# Hulett Apiaries, Rhine GA



## beebze (Sep 24, 2007)

Has anyone else been having problems getting queens from this guy. I've called, left messages, emailed, and sent pms thru bee source.

I prepaid for 200 queens way back in February and as of the 23rd of May have not received one queen. I was supposed to get the queens in beginning of April. 

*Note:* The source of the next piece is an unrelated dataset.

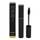 Chanel Color Le Volume Stretch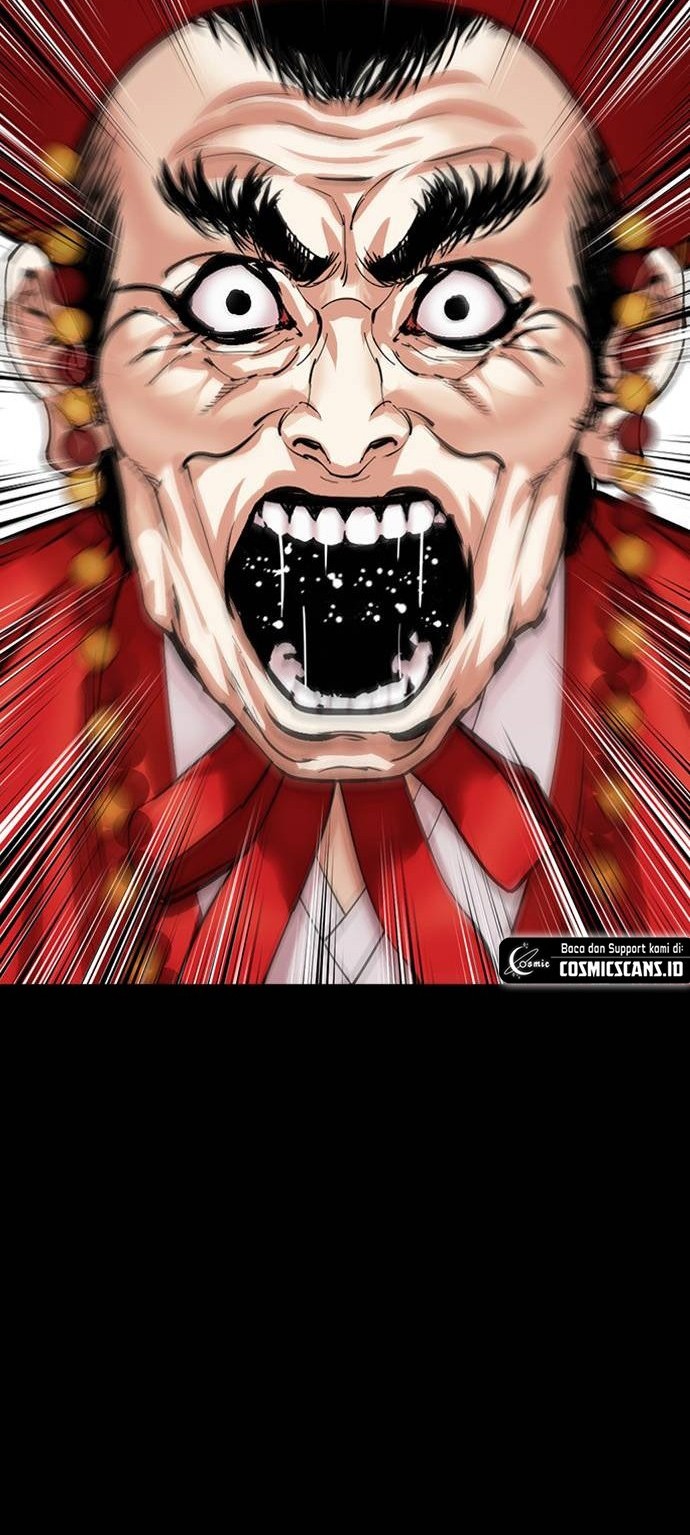 Chapter 481 - halaman 89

All I have asked is to be updated. I am understanding of weather and other things but would like to been kept informed. I know he's a member of bee source so maybe he'll read this and I will get a response. 

Michael Hutett
Hulett Apiaries
5634 Fair Haven Rd
Rhine, GA 31077


----------



## beebze (Sep 24, 2007)

Just wanted to let you all know Michael left a message on my phone that said he was going to graft 200 plus and hope to have some by the middle to end of June. Late for me but will use them none the less. I don't know if it was this post or the last message I left on his phone that did the trick. Anyway seems he's going to make right on the order. 

Andy


----------



## beebze (Sep 24, 2007)

Well out of 200 paid for queens I have received 10. WOW I thought last week I would get more but haven't got anymore. I'm very discouraged Would of like to get a least a hundred. 
Let you all know if something changes.


----------



## beebze (Sep 24, 2007)

Well, I probably won't be getting any more queens this year from Hulett Apiaries. Sad to say, but I feel screwed. I'm hoping he redeems himself next spring with finishing his order with me. Well it comes out so far that I paid 150 dollars a queen instead of 15 dollars. I ask for my money back but somehow I don't see that happening. Anyway BUYERS BEWARE. Will keep you all posted if there's any change. I will be keeping tabs to let others know to be careful when ordering from this guy.


Andy
.
.


----------



## beebze (Sep 24, 2007)

BUYERS BEWARE

Well if any one knows this guy I don't know how he can live with himself. Thou Shall Not Steal. He's broke that commandment. And he has not made this wrong into a right. No phone calls, no nothing. If anyone knows this guy don't deal with him, What a crook. Yes I'm not very happy. 

BUYERS BEWARE 

If he screwed me he screw someone else just a matter of time. Just wanted to remind people of this guy. I will probably do this from time to time. 

BUYERS BEWARE



Hulett Apiaries
5634 Fair Haven Rd
Rhine, GA 31077I


----------